In a statement on Monday, the company’s top management said it was disappointed with information that the Norwegian government will no longer make loans to help it face its crisis.

“The fact that our government has decided to refrain from providing Norwegian with further financial support is very disappointing and feels like a slap in the face for everybody at Norwegian who is fighting for the company when our competitors are receiving billions in funding from their respective governments,” said Norwegian’s CEO Jacob Schram.

Despite claiming that it still has some cash, Norwegian has projected that it could be in a critical situation in the first quarter of 2021 if it cannot secure new funds. Schram acknowledged that “we need ventilator support to get through the winter.”

Fleet of 787 stored

Norwegian Air was founded in 1993 as a small regional airline, but almost a decade later it bet on a low cost strategy to expand its operations. The company later decided to expand its network by offering more accessible services on long-haul routes. To supply its fleet, it ordered and rented several Boeing 787, which although efficient, have a high initial cost.

Norwegian Air 737 MAX

As passenger air traffic was severely affected on international routes, Norwegian found itself suddenly unable to operate its 37 Dreamliner jets. Shortly before, the company was affected by the technical problems of the aircraft and had to land its fleet of 18 737 MAX, also for safety reasons.

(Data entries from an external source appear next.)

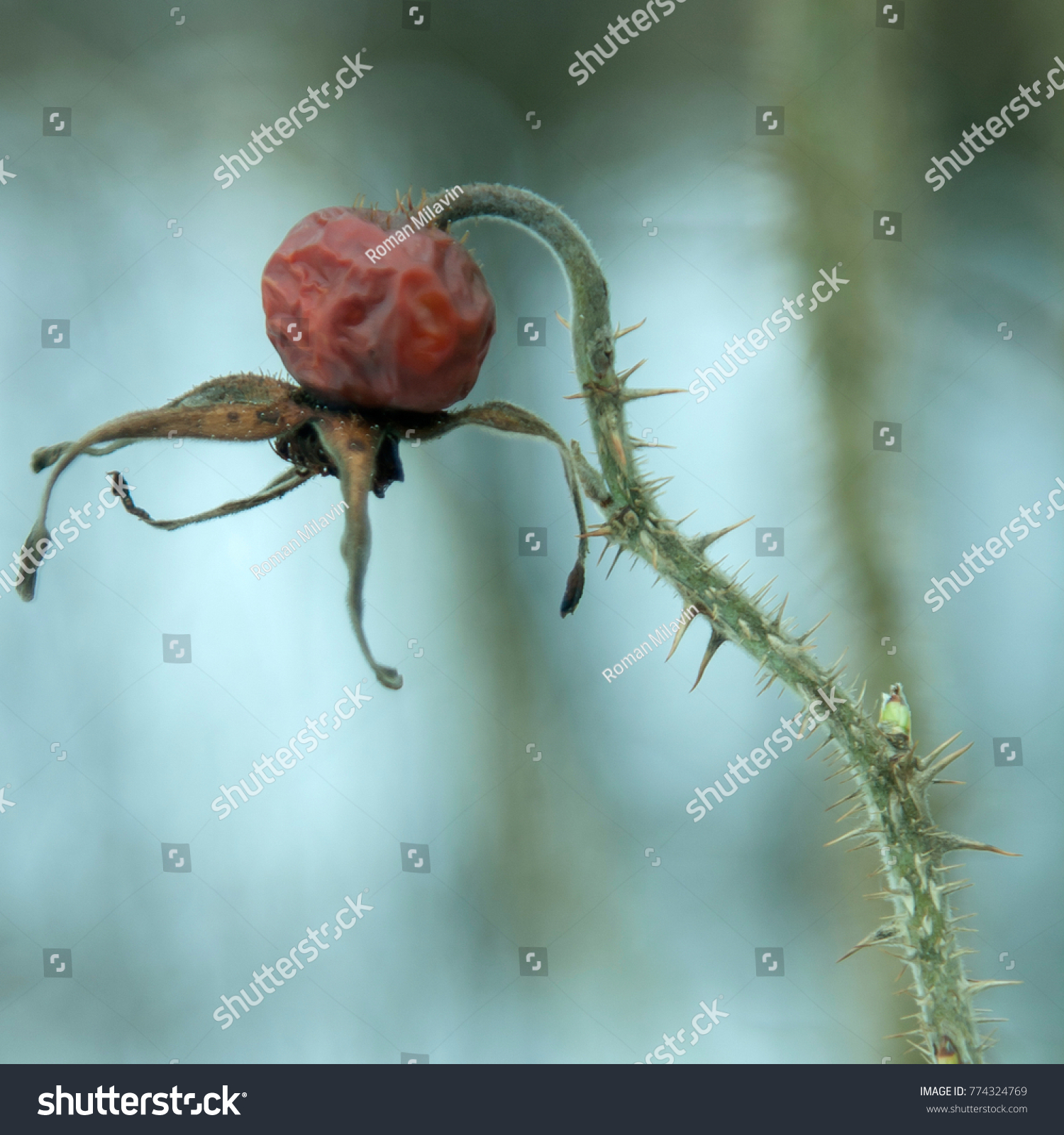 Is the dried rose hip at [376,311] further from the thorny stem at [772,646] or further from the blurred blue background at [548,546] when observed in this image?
the blurred blue background at [548,546]

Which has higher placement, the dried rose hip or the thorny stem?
the dried rose hip

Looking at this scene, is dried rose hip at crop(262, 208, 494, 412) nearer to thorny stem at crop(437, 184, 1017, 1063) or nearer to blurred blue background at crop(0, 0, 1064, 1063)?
thorny stem at crop(437, 184, 1017, 1063)

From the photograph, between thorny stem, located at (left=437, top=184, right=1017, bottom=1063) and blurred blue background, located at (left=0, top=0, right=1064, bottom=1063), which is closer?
thorny stem, located at (left=437, top=184, right=1017, bottom=1063)

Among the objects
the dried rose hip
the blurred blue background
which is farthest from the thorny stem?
the blurred blue background

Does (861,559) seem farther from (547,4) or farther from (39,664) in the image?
(39,664)

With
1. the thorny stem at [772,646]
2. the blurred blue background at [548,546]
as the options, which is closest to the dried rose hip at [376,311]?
the thorny stem at [772,646]

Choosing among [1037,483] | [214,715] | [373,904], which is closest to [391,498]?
[214,715] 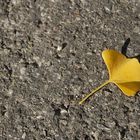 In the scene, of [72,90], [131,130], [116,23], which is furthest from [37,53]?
[131,130]

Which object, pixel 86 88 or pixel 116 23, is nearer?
pixel 86 88

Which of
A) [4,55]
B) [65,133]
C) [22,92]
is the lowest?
[65,133]

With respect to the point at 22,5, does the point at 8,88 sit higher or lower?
lower

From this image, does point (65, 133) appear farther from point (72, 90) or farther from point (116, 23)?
point (116, 23) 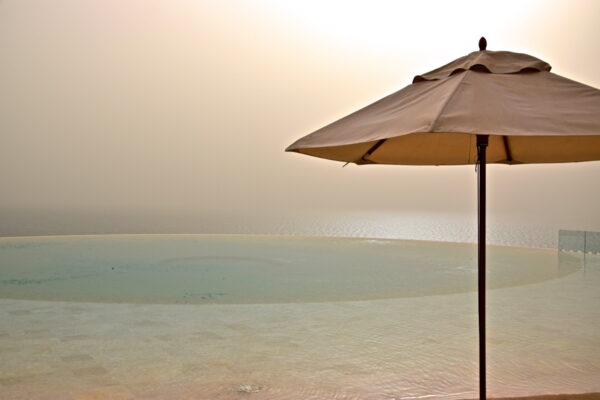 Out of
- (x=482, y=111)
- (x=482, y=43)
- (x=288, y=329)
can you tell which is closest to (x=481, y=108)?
(x=482, y=111)

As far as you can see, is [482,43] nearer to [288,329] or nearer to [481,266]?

SSince the beginning of the second half of 2020, Norwegian Air has been looking to expand its flight network, but only for medium distances. Currently it only uses just over 20 737-800, with ore than a hundred planes parked.

At the same time, companies such as SAS and the Hungarian Wizz Air started offering more flights to destinations in Norway, expanding the competition with low cost and making Norwegian Air’s recovery even more difficult.